Records for the task: Begin

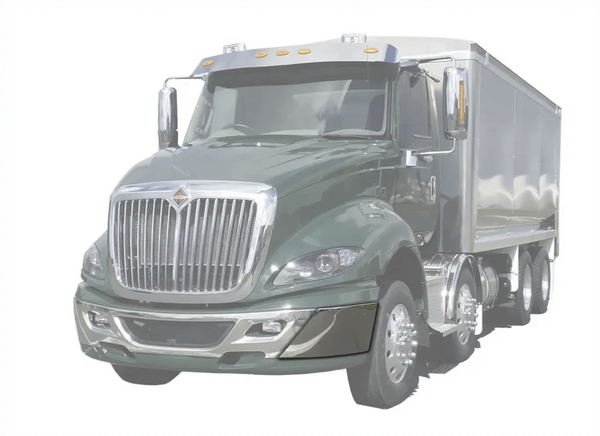 KOZAK Bumper End Corner Chrome Trim (Left Driver Side) for International Prostar 2008-2015 PLUS International Logo and KOZAK Vest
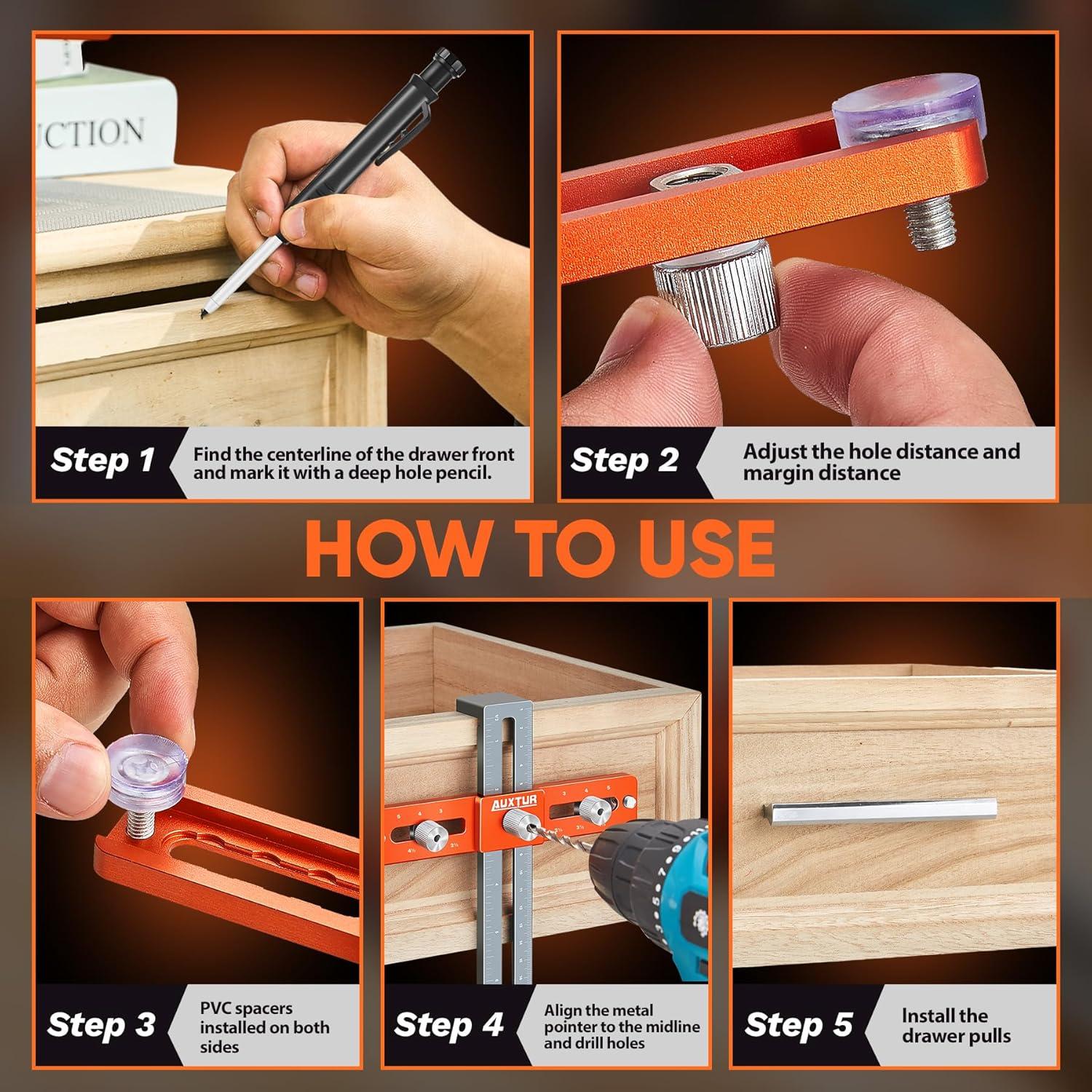 Plantilla de Hardware de Gabinete AUXTUR con Lápiz y Recargas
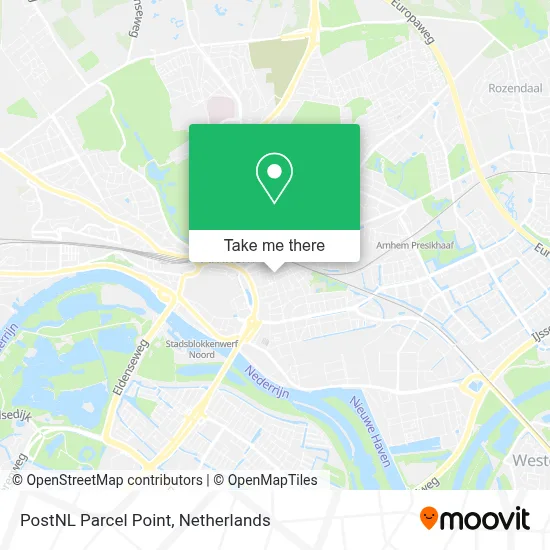 Postnl Pakketpunt map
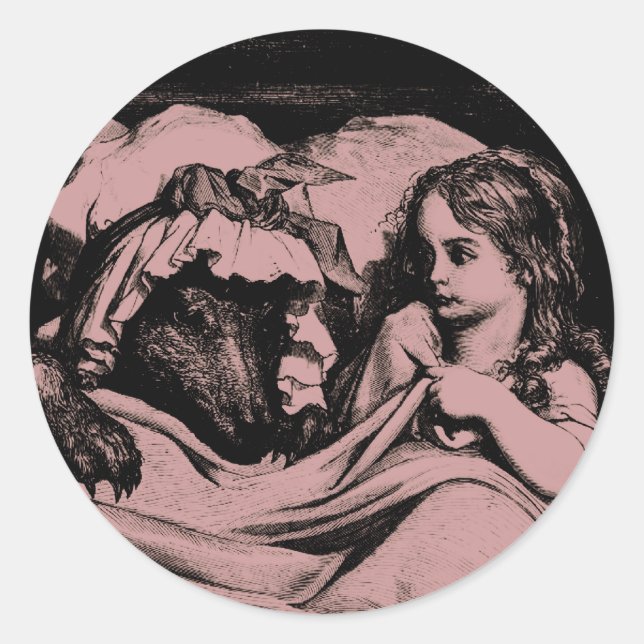 Red Riding Hood Classic Round Sticker (Front)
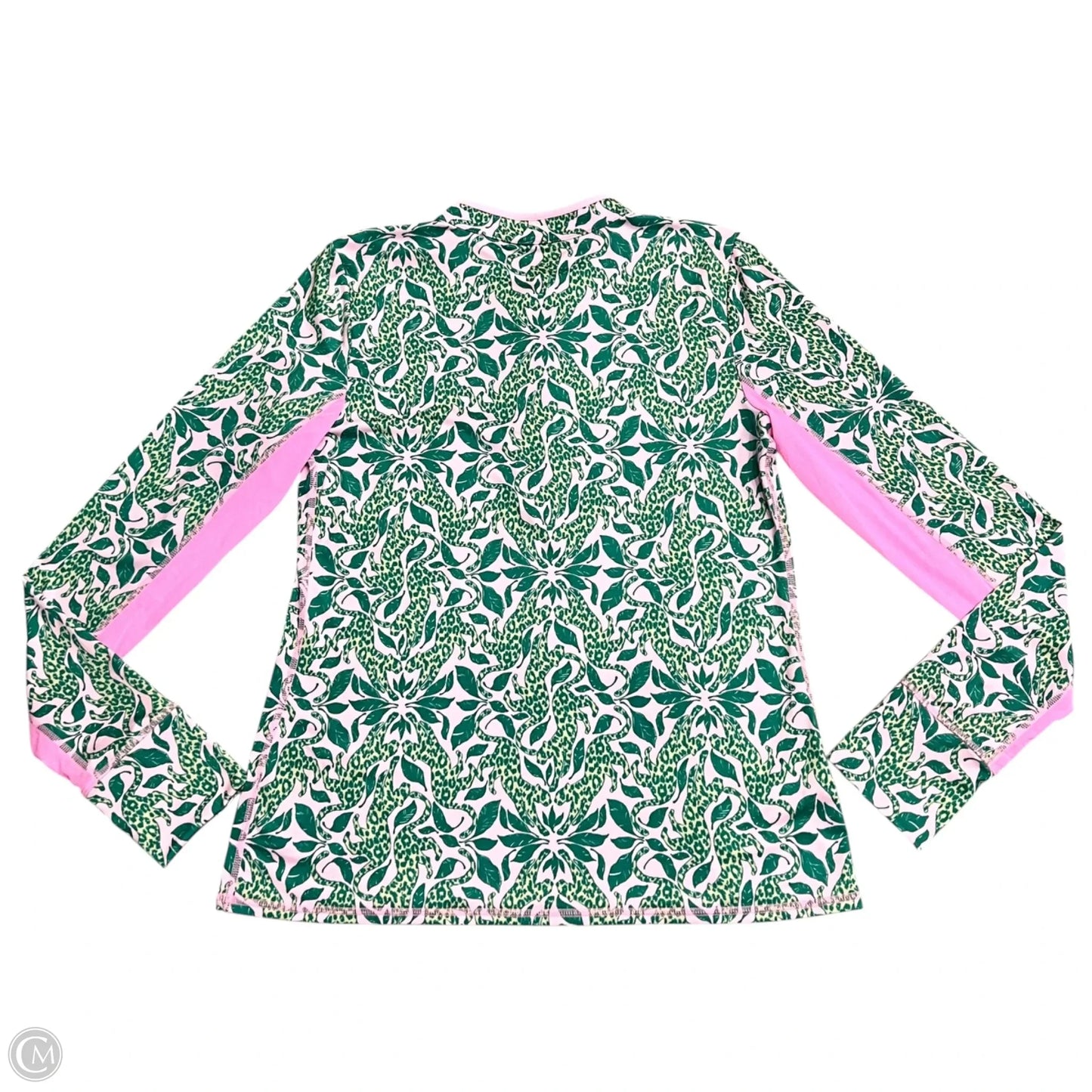 Sweatshirt Designer By Lilly Pulitzer In Green & Pink, Size: S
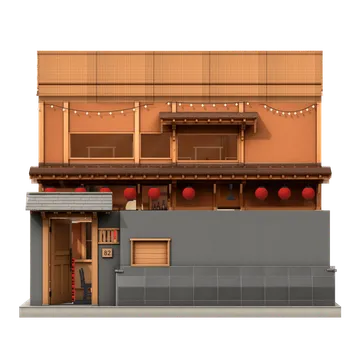 Miniature architectural model rendering of Rintaro in San Francisco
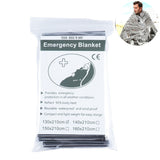 Couverture thermique 210*130CM couverture thermique extérieure multifonctionnelle couverture d'urgence argentée double face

Records for the task: End

All entries are to be retyped exactly. Omit any embedded images.

 KOZAK Bumper End Corner Chrome Trim (Left Driver Side) for International Prostar 2008-2015 PLUS International Logo and KOZAK Vest
 Plantilla de Hardware de Gabinete AUXTUR con Lápiz y Recargas
 Postnl Pakketpunt map
 Red Riding Hood Classic Round Sticker (Front)
 Sweatshirt Designer By Lilly Pulitzer In Green & Pink, Size: S
 Miniature architectural model rendering of Rintaro in San Francisco
 Couverture thermique 210*130CM couverture thermique extérieure multifonctionnelle couverture d'urgence argentée double face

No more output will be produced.